The boy backed away, muttering about stupid girls and figure skating in an attempt to save face.
Caroline looked at all the other boys gathered around her and banged the stick on the ice. “Well, are we playing or not?”
The boys snorted and shook their heads and then someone dropped the puck and passed it toward Caroline. She took it with ease, skated a bit, eluded some poke checks, and slid it to a boy who fired a shot. He didn’t score a goal, but it was a pretty play. A newfound level of respect seemed to ripple through the boys. But they were not all convinced. No way.
As they skated back and forth, Caroline proved she was good, but several times she lo
st the puck or fired an errant or intercepted pass. She could play, but she certainly hadn’t shown them she was some kind of superstar.
Until, that is, she collected a pass and charged toward the net. Facing down two defenders, she executed a nifty little twirl—shades of figure skating, it appeared—deked between them both, and continued charging toward net, leaving the defenders a tangled mess on the ice. Alan charged behind. He reached out his stick to trip her up, but she remained just a step ahead. She raced toward the goal, wound up, and sizzled a slapshot past the goalie and into the makeshift netting.
Cheers went up across the pond. Arms raised, Caroline circled back toward the midline when Alan rammed into her, sending her sprawling onto the ice. Several of the boys groaned. But Alan stared them down, and no one, it seemed, was willing to challenge him. Nor was anyone willing to help Caroline up. She lay there for a few stunned moments before collecting herself. Then she dropped the stick onto the ice, skated to the edge, and stepped off the pond. Alone. No one even asked if she was okay.

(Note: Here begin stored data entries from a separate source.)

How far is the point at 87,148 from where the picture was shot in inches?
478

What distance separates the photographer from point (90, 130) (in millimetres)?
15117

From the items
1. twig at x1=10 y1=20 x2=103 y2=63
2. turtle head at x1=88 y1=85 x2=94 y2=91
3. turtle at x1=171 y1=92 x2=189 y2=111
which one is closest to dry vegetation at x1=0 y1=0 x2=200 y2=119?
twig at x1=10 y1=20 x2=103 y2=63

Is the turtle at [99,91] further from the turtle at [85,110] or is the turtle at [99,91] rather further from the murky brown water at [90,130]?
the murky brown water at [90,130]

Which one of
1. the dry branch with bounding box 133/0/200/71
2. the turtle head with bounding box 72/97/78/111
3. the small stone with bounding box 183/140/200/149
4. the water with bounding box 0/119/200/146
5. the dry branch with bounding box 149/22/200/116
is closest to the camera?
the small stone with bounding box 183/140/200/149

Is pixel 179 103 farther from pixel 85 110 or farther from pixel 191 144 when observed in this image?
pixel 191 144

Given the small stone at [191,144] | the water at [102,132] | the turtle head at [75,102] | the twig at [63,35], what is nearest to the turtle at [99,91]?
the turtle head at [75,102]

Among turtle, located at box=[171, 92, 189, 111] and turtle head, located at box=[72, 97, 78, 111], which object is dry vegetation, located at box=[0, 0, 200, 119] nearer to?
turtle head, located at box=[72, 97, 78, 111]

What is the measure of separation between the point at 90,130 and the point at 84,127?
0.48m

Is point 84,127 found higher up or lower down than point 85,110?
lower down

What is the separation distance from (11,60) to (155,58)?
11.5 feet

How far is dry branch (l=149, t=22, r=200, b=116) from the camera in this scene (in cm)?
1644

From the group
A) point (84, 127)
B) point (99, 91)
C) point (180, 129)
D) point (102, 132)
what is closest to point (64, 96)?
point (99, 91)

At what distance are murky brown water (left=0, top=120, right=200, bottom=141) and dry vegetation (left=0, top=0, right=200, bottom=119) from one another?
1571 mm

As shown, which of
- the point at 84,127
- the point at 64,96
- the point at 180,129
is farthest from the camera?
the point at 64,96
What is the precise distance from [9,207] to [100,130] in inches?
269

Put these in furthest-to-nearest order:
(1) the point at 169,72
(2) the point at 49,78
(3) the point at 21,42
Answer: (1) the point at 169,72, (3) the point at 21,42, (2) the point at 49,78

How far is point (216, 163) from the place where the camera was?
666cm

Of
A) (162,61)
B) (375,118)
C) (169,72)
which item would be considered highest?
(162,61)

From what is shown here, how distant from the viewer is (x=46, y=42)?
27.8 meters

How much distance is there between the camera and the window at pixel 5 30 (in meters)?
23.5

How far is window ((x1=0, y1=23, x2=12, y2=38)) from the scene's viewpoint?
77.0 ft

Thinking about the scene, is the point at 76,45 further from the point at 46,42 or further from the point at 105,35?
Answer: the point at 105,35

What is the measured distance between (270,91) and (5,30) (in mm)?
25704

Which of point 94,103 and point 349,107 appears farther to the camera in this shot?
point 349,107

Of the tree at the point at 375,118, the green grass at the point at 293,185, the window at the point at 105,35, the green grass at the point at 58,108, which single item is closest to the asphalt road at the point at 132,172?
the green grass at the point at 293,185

Dusk pooled in the western sky—a dark bank of clouds lending a dismal grayness to an already colorless scene. Through this, Caroline trudged toward home, broken less in body than in spirit. Sore, yes, but that would heal. It wasn’t the physical pain that got to her. No, that she could handle. It was the unfairness of a world that made rules without her input and against her will.
The next morning, as the sun broke the horizon, Caroline was sound asleep, a slight smile on her lips and a look on her face that spoke of untroubled dreams. But she suddenly gasped and thrust upward, jolted out of sleep by something unpleasant: a bad dream, a premonition, something deep and unknown. She looked around, blinked, exhaled a few times, and remembered everything. Her father was in Korea. The hockey boys were jerks. Alan was a bully. That poor Joseph had to go to school with no friends. Why was it that sometimes bad dreams and reality were one and the same?
She began a slow crawl out of bed and into full consciousness, then dressed and made her sluggish way to the breakfast table.
Sam shoveled oatmeal into his mouth, the gluttonous noise he made the only sounds during an otherwise silent breakfast. Caroline pushed her oatmeal around with a spoon, occasionally reaching down to give Beautiful a distracted head scratch. The dog reacted to her fingers by thrusting her head up to meet the outstretched digits, but when she stretched too far, it set off a series of chokes and dry heaves and she immediately lowered her head again. Caroline hardly noticed the dog’s struggles.